Young Funeral Home, Yemassee, is Jarraud said the high temperatures like those seen in parts of Europe this year were expected to inch up in the coming years. Citing recent studies by European climatologists, Jarraud said heat waves in Europe "could over the next 50 years become four or five times as frequent as they are now." diately," removing the chance of furthering your debt. "There is no magic pill for this; you just start paying them off one at a time," said Huybregts on the next step. "Pay the high interest one first, then start on the next one. "Pay more than they request," Huybregts warned, as just paying the minimum balances required Alayna Tharp YEMASSEE Alayna Skey Tharp, 16 months, of Yemassee, died Tuesday, Dec.
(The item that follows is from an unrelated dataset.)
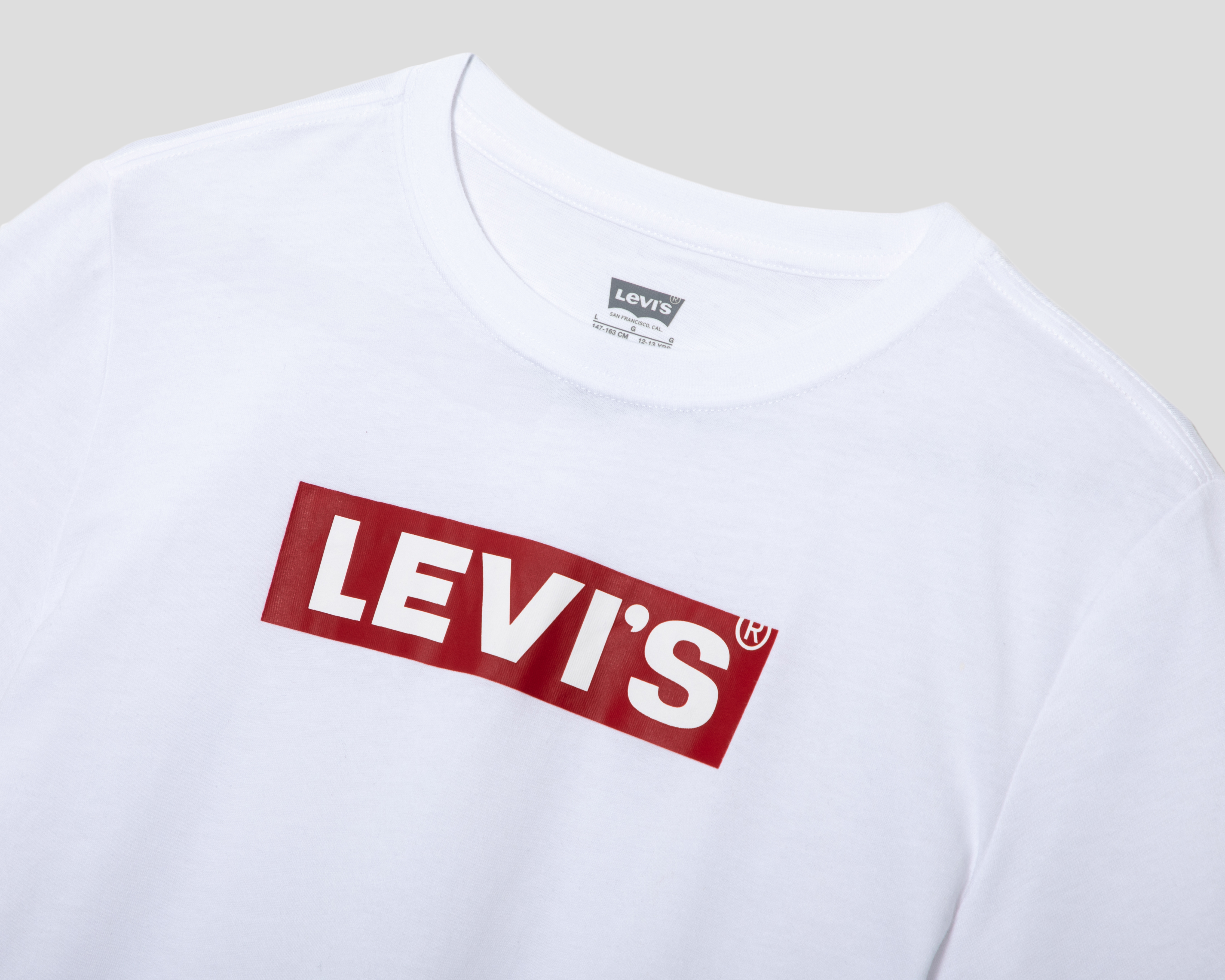 Foto 4 pulgar | Foto 3 | Playera de Cuello Redondo Blanca Levi's Juvenil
14, 2004, in her home. Memorial services will be at 2 p.m. today at Sheldon Baptist Church. Miss Tharp was born Aug. 10, 2003, in Charleston, a daughter of Schelly Callahan Tharp and John Tracy Tharp Survivors include her parents, of LOTTERIES SOUTH CAROLINA Winning numbers selected Wednesday in the South Carolina Lottery: Pick 3 Midday: 0-1-7 Pick 4 Midday: 2-7-4-2 Pick 3 Evening: 9-7-9 Pick 4 Evening: 6-6-1-0 Powerball: 1-6-11-38-53 Power number: 11 GEORGIA Winning numbers selected Wednesday in the Georgia Lottery: Cash 3 Midday: 6-7-1 Cash 4 Midday: 2-2-9-2 Cash 3 Evening: 9-0-4 in charge.
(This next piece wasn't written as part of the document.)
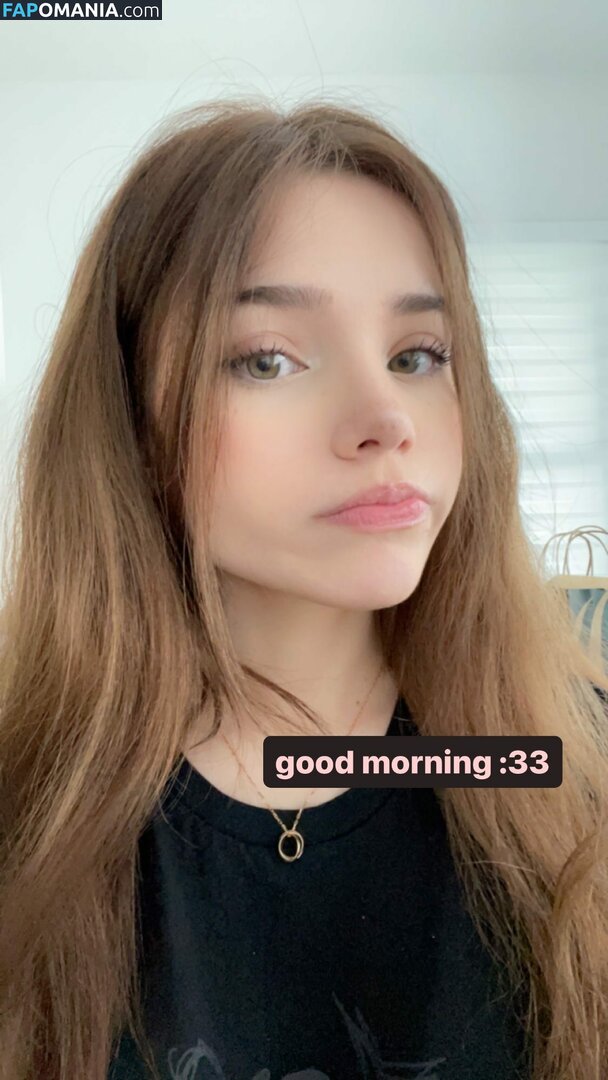 emmybeehz / emmyuh / emmyurr Nude OnlyFans  Leaked Photo #4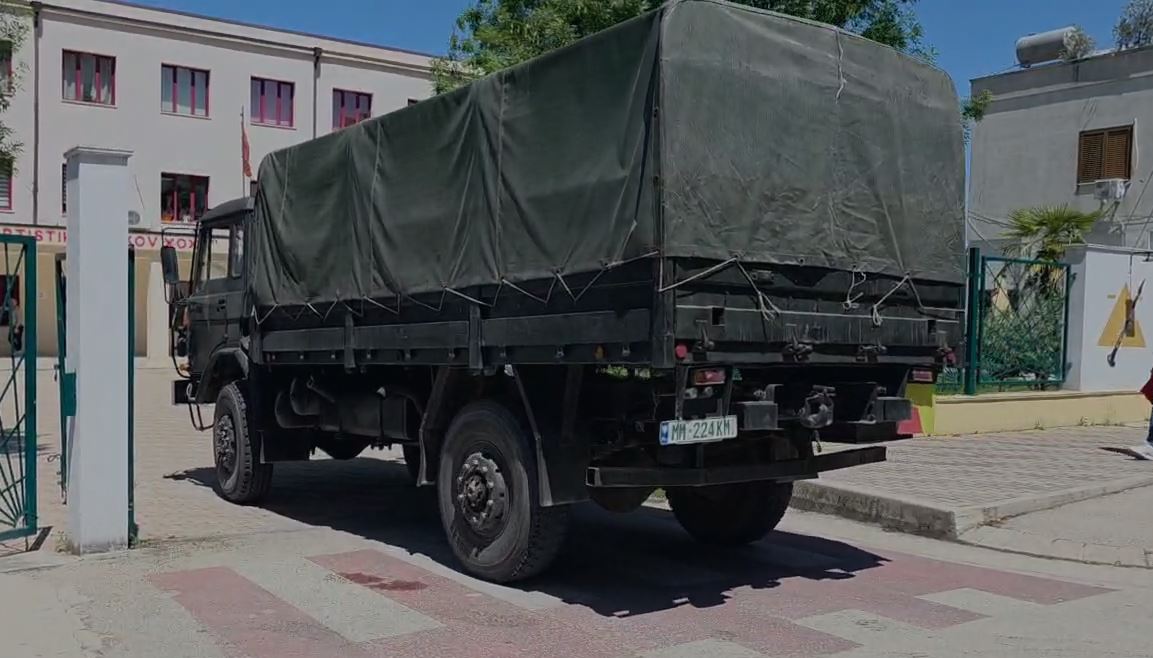 VIDEO/ Materialet zgjedhore mbërrijnë në Fier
Oliver 12, Medical Friday mili- Yemassee; maternal grandparents, Kenneth and Deloris Woods of Yemassee and John and Angie Miller of Seabrook; maternal grandmother, Patricia Callahan of Michigan; paternal grandmother Tharp of Grenada Hills, paternal grandfather John Tracy Tharp Sr. of Fort Worth, Texas; maternal great-grandmother Margaret L. Woods of Gillisonville, maternal parents George and Eve Hallman of Port Royal, and paternal great-grandparents James and Jean Driggers of North Charleston..
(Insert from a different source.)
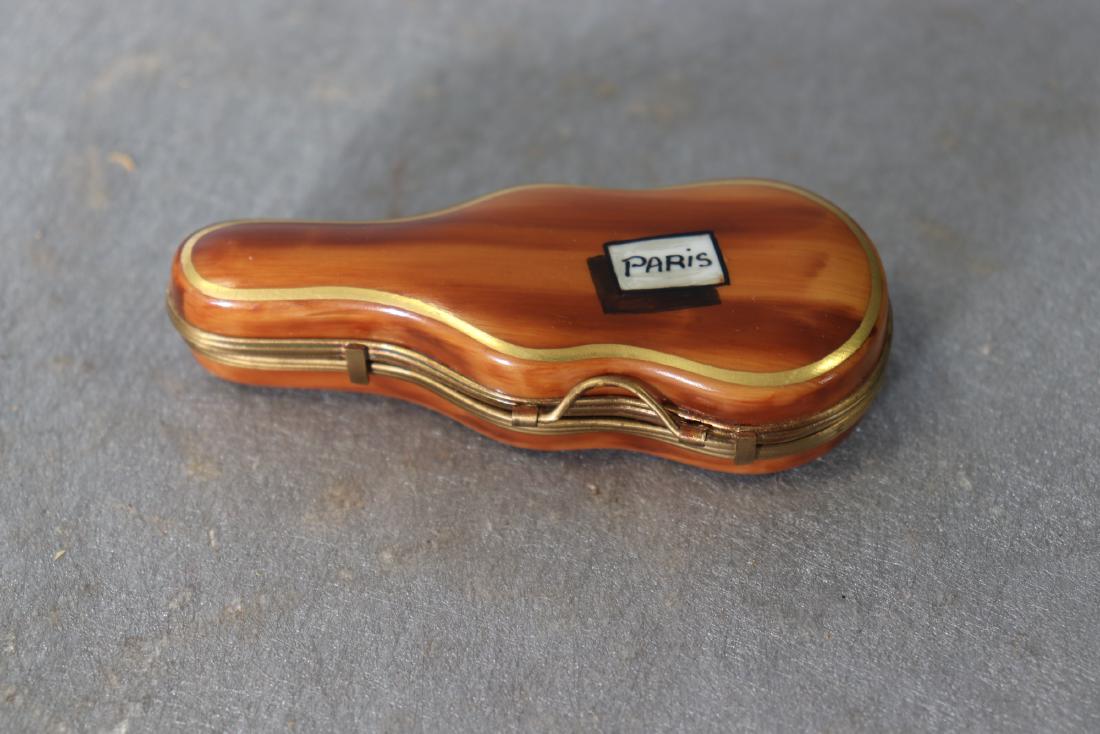Limoges France Violin Porcelain Trinket Box: Measures approx. 3 1/2" long, 1 1/2" wide. Great condition.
The Beaufort Gazette from Beaufort, South Carolina (2024)

References

Top Articles
Tazewell Commitment Report
Nissan Moonfire
NYT Mini Crossword today: puzzle answers for Tuesday, September 17 | Digital Trends
Time in Baltimore, Maryland, United States now
Hotels
Is pickleball Betts' next conquest? 'That's my jam'
Exam With A Social Studies Section Crossword
Comcast Xfinity Outage in Kipton, Ohio
Which Is A Popular Southern Hemisphere Destination Microsoft Rewards
Shooting Games Multiplayer Unblocked
Trini Sandwich Crossword Clue
Insidekp.kp.org Hrconnect
Kaomoji Border
Alejos Hut Henderson Tx
Quest Beyondtrustcloud.com
Northern Whooping Crane Festival highlights conservation and collaboration in Fort Smith, N.W.T. | CBC News
Carson Municipal Code
Aaa Saugus Ma Appointment
Acts 16 Nkjv
Drift Boss 911
Yisd Home Access Center
Apparent assassination attempt | Suspect never had Trump in sight, did not get off shot: Officials
Booknet.com Contract Marriage 2
Bleacher Report Philadelphia Flyers
Weathervane Broken Monorail
Jailfunds Send Message
Vadoc Gtlvisitme App
Past Weather by Zip Code - Data Table
Davita Salary
Smayperu
Chapaeva Age
Everstart Jump Starter Manual Pdf
Whas Golf Card
Rise Meadville Reviews
Kgirls Seattle
Laff Tv Passport
Ursula Creed Datasheet
How to play Yahoo Fantasy Football | Yahoo Help - SLN24152
Mixer grinder buying guide: Everything you need to know before choosing between a traditional and bullet mixer grinder
PruittHealth hiring Certified Nursing Assistant - Third Shift in Augusta, GA | LinkedIn
Live Delta Flight Status - FlightAware
2017 Ford F550 Rear Axle Nut Torque Spec
Alba Baptista Bikini, Ethnicity, Marriage, Wedding, Father, Shower, Nazi
Cch Staffnet
A Man Called Otto Showtimes Near Cinemark Greeley Mall
Mit diesen geheimen Codes verständigen sich Crew-Mitglieder
Madden 23 Can't Hire Offensive Coordinator
60 Second Burger Run Unblocked
2487872771
De Donde Es El Area +63
Bob Wright Yukon Accident
Mast Greenhouse Windsor Mo
Latest Posts
Article information

Author: Sen. Ignacio Ratke

Last Updated:

Views: 5297

Rating: 4.6 / 5 (76 voted)

Reviews: 83% of readers found this page helpful

Author information

Name: Sen. Ignacio Ratke

Birthday: 1999-05-27

Address: Apt. 171 8116 Bailey Via, Roberthaven, GA 58289

Phone: +2585395768220

Job: Lead Liaison

Hobby: Lockpicking, LARPing, Lego building, Lapidary, Macrame, Book restoration, Bodybuilding

Introduction: My name is Sen. Ignacio Ratke, I am a adventurous, zealous, outstanding, agreeable, precious, excited, gifted person who loves writing and wants to share my knowledge and understanding with you.